Assignment
With pictures left out, please repeat word for word the lines from the one containing "Band Tees VINTAGE" through the end of the records.

Items listed in a dataset:
:::::

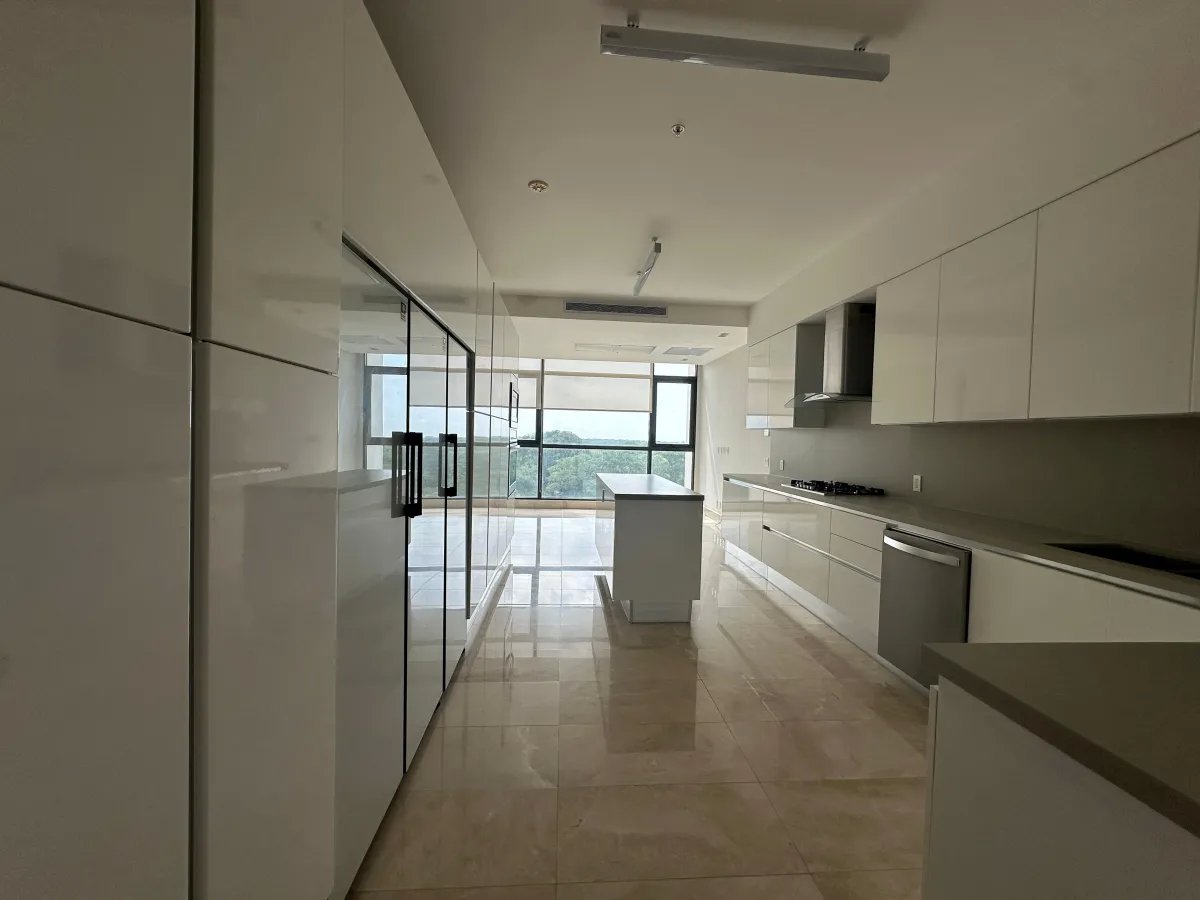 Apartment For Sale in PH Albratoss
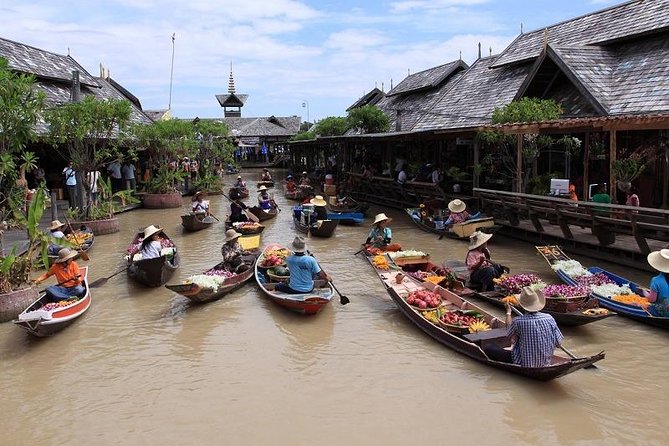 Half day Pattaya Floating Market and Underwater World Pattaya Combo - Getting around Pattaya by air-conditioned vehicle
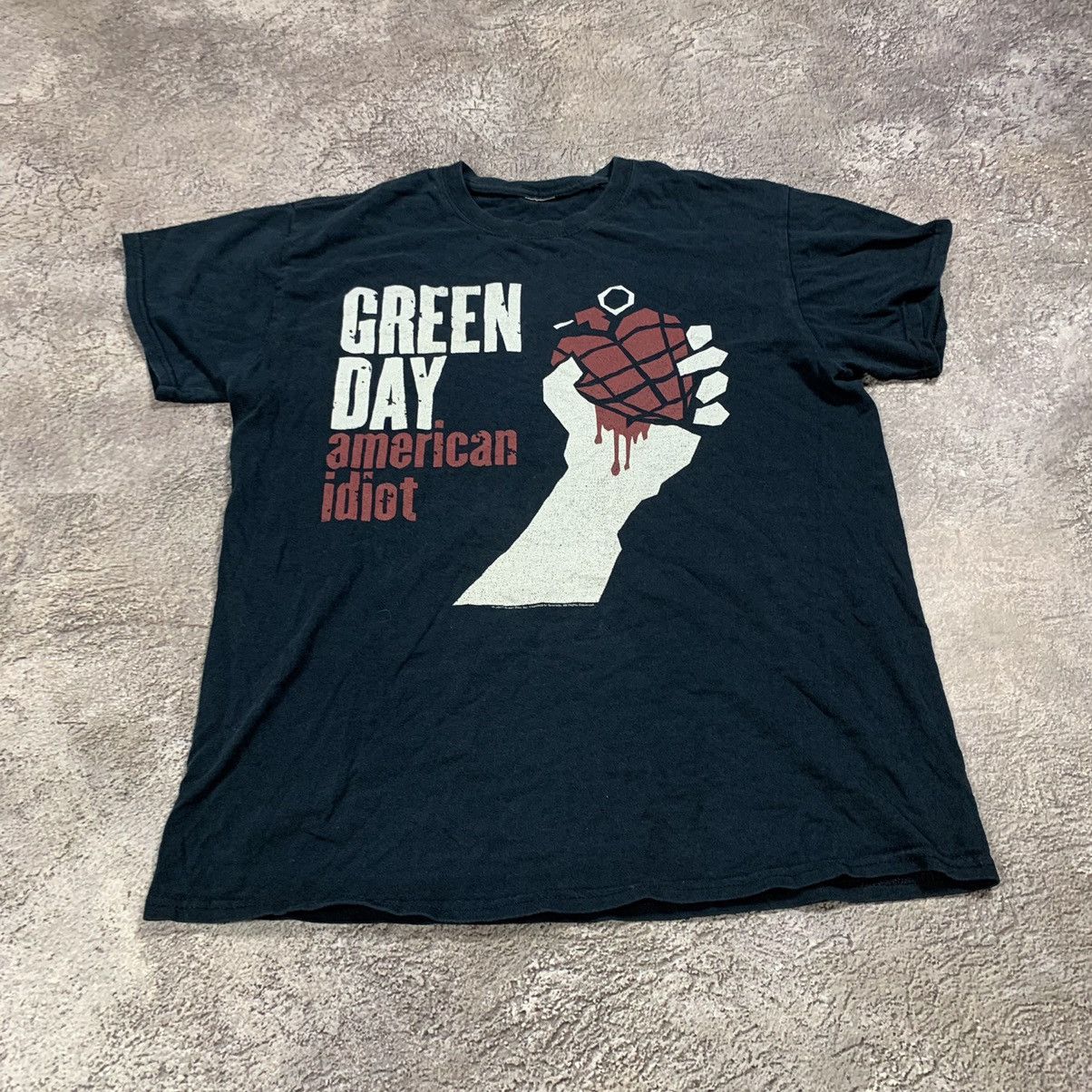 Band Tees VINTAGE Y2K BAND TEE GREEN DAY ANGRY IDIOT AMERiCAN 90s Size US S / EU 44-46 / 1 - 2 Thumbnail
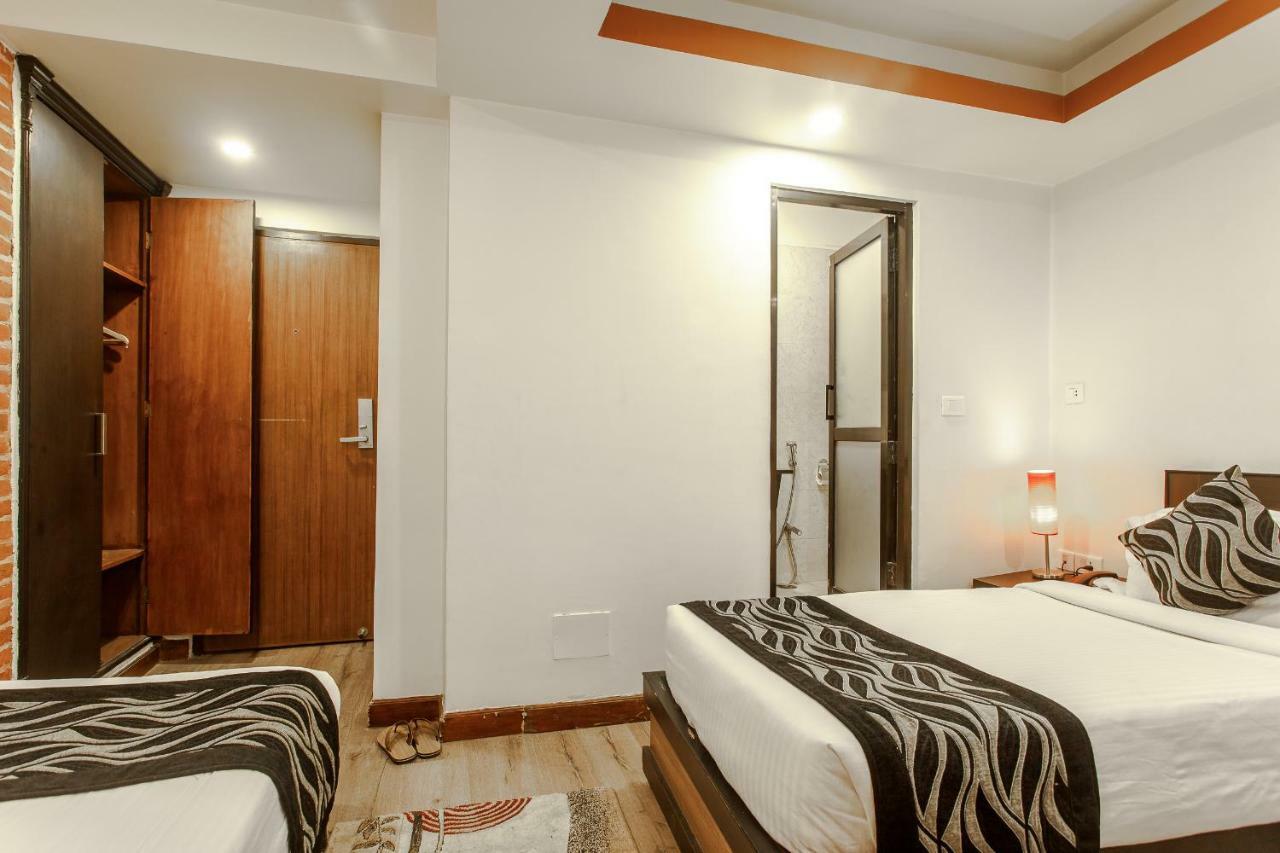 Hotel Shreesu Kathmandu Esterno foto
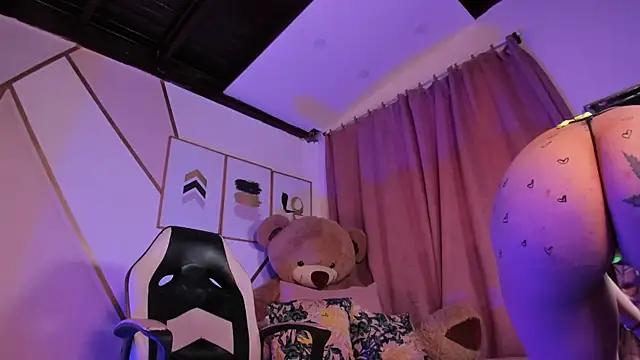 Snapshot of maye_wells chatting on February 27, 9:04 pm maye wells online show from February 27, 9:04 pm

:::::

Solution to this problem
 Band Tees VINTAGE Y2K BAND TEE GREEN DAY ANGRY IDIOT AMERiCAN 90s Size US S / EU 44-46 / 1 - 2 Thumbnail
 Hotel Shreesu Kathmandu Esterno foto
 Snapshot of maye_wells chatting on February 27, 9:04 pm maye wells online show from February 27, 9:04 pm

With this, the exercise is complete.